Transcribe the listing in full, excluding any pictures.

--- GIVEN DATA ---
--

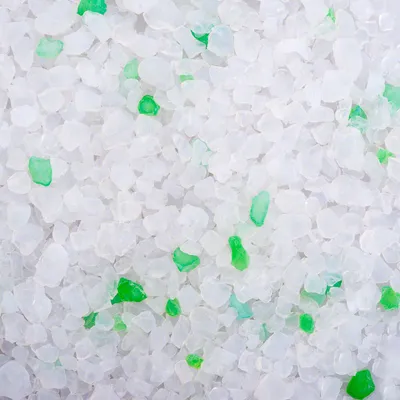 Close-up van witte korrels met enkele groene stukjes, materiaal lijkt op silicaat of kristallen. Geen merknaam of tekst zichtbaar.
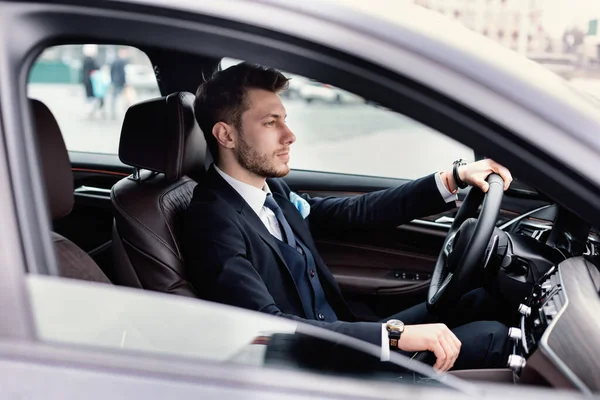 Orang yang percaya diri mengenakan setelan jas dan jam tangan mewah mengendarai mobil — Stok Foto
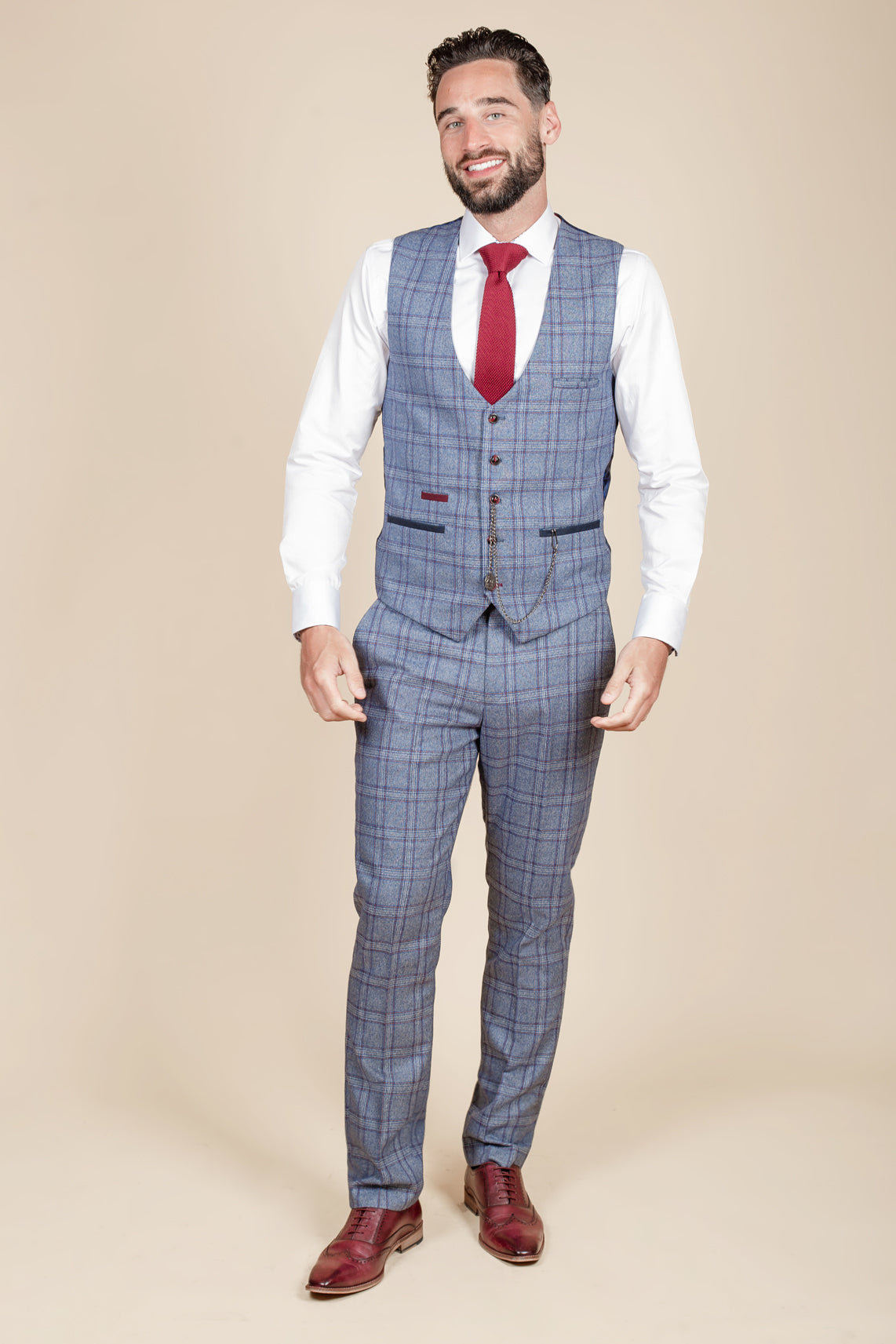 A man with short brown hair and a beard smiles while wearing the marcdarcy ABBOTT Blue Tweed Check Waistcoat, a white shirt, red tie, and brown dress shoes. He stands against a plain beige background.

--

--- YOUR SOLUTION ---
 Close-up van witte korrels met enkele groene stukjes, materiaal lijkt op silicaat of kristallen. Geen merknaam of tekst zichtbaar.
 Orang yang percaya diri mengenakan setelan jas dan jam tangan mewah mengendarai mobil — Stok Foto
 A man with short brown hair and a beard smiles while wearing the marcdarcy ABBOTT Blue Tweed Check Waistcoat, a white shirt, red tie, and brown dress shoes. He stands against a plain beige background.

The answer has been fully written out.